WHAT TO PRODUCE: In the copy you make of the entries, no picture should appear, and every word must match.

DATA SECTION:
++++++++++

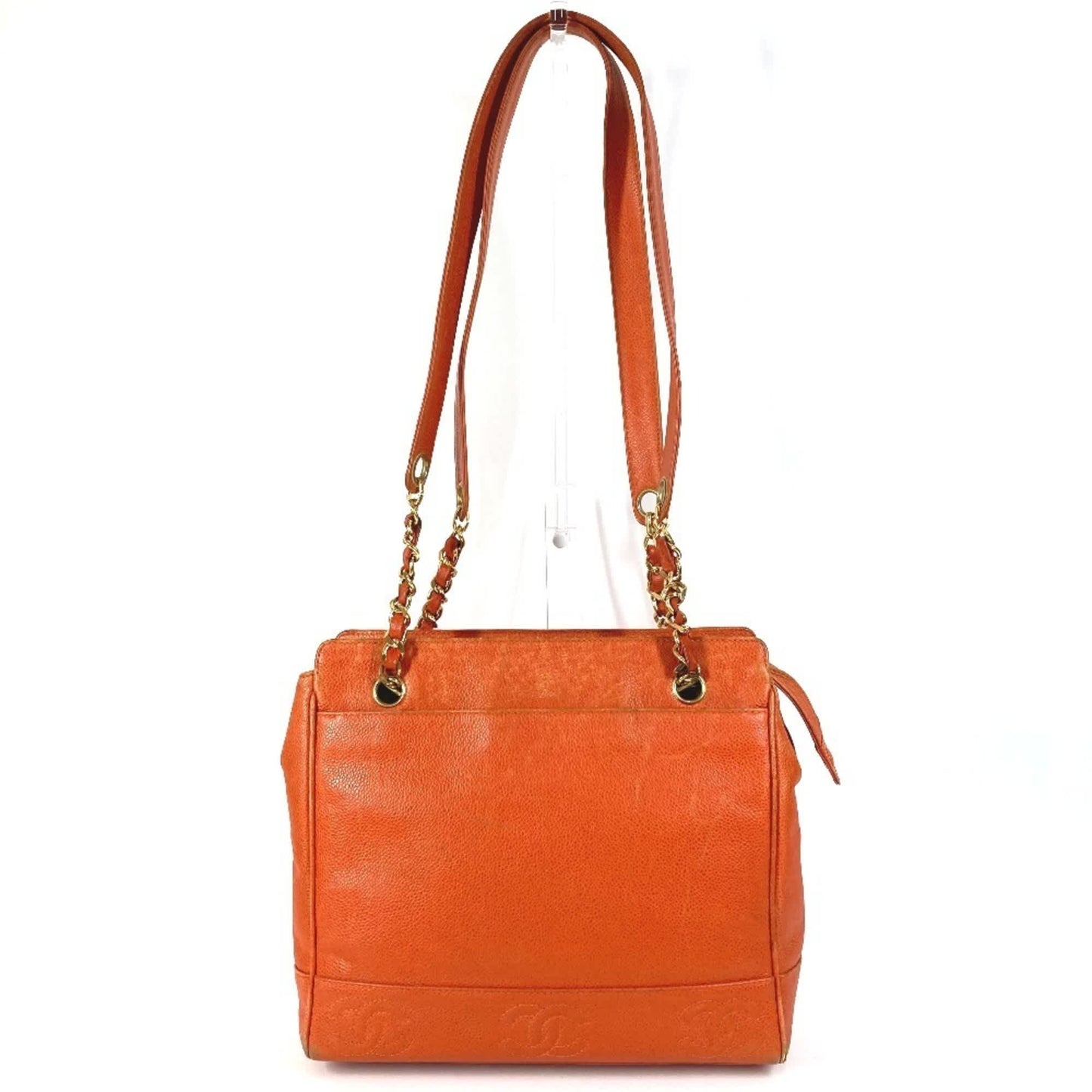 StrapStory - Shoulder Bag 3912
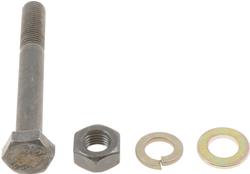 Dorman Bolts and Screws 461-580BX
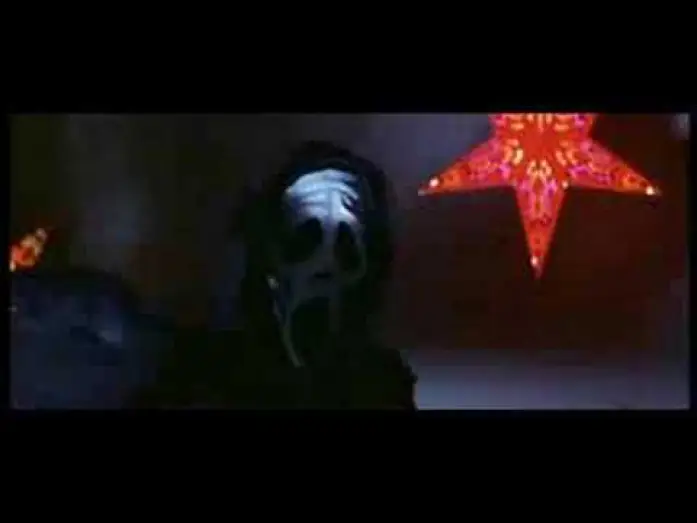 Watch film Scary Movie | Scary Movie 1 Avec moi tu n'&agrave; rien perdu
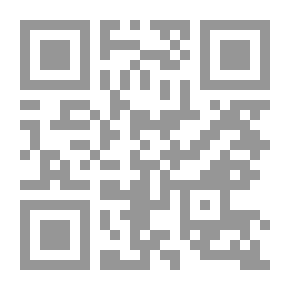 Qr Code Dream Interpretation Dictionary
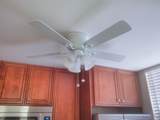 3710 Whitehall Drive - Photo 4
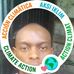 Peter Chui - Facebook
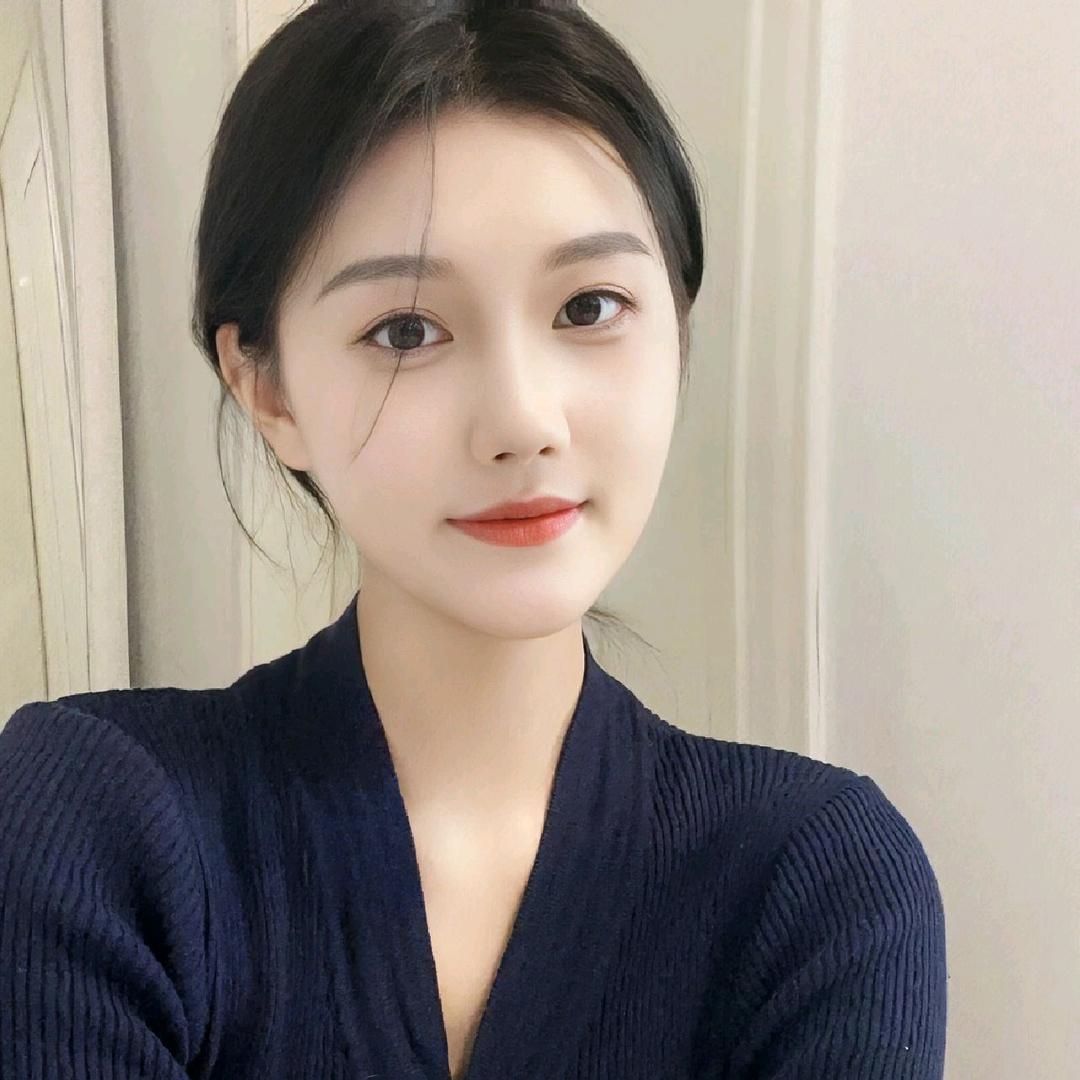 喵小姐！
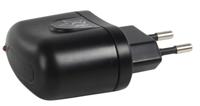 Universele USB lader voor diverse apparaten - thumbnail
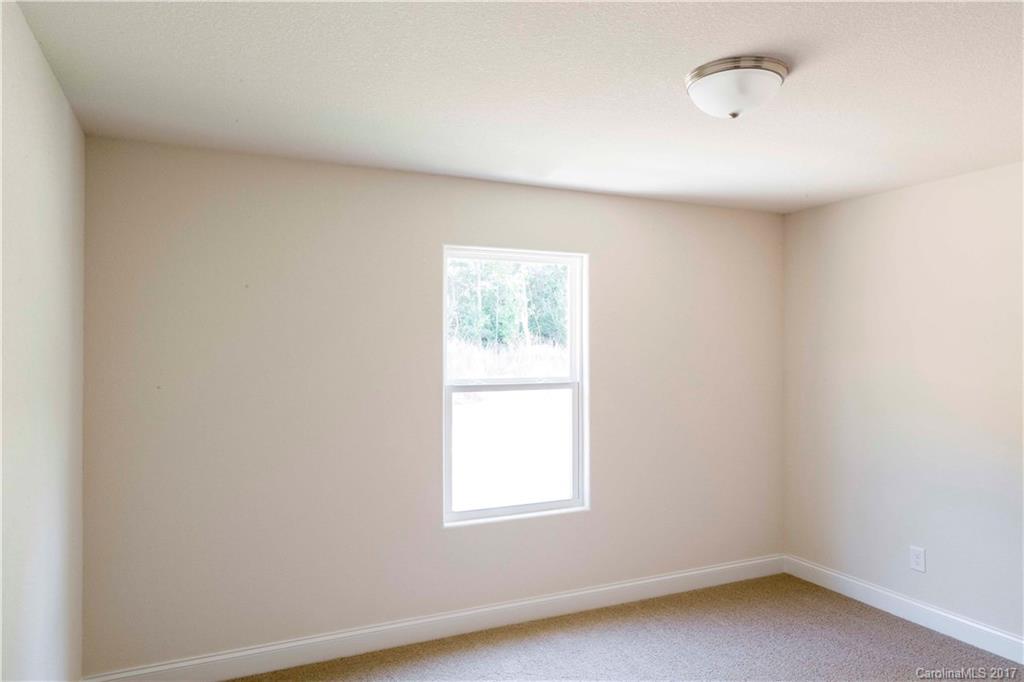 1013 Pecan Ridge Road Fort Mill, SC 29715 - Photo 11 of 11 Gallery Image 11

++++++++++

FINISHED EXERCISE:
 StrapStory - Shoulder Bag 3912
 Dorman Bolts and Screws 461-580BX
 Watch film Scary Movie | Scary Movie 1 Avec moi tu n'&agrave; rien perdu
 Qr Code Dream Interpretation Dictionary
 3710 Whitehall Drive - Photo 4
 Peter Chui - Facebook
 喵小姐！
 Universele USB lader voor diverse apparaten - thumbnail
 1013 Pecan Ridge Road Fort Mill, SC 29715 - Photo 11 of 11 Gallery Image 11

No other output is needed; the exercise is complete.